[Task] What lines in the entries hold the string "Blue"? List them.

(Records contained in a dataset)
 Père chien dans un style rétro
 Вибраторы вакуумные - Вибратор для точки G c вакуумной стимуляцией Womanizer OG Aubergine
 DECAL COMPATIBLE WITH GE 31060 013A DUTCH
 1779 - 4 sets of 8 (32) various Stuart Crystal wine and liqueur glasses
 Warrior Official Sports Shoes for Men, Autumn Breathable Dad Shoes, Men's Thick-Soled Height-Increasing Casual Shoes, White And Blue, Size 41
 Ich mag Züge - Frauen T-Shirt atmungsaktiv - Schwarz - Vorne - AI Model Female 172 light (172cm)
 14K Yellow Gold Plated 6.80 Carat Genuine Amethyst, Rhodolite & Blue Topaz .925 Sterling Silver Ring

[Solved exercise]
 Warrior Official Sports Shoes for Men, Autumn Breathable Dad Shoes, Men's Thick-Soled Height-Increasing Casual Shoes, White And Blue, Size 41
 14K Yellow Gold Plated 6.80 Carat Genuine Amethyst, Rhodolite & Blue Topaz .925 Sterling Silver Ring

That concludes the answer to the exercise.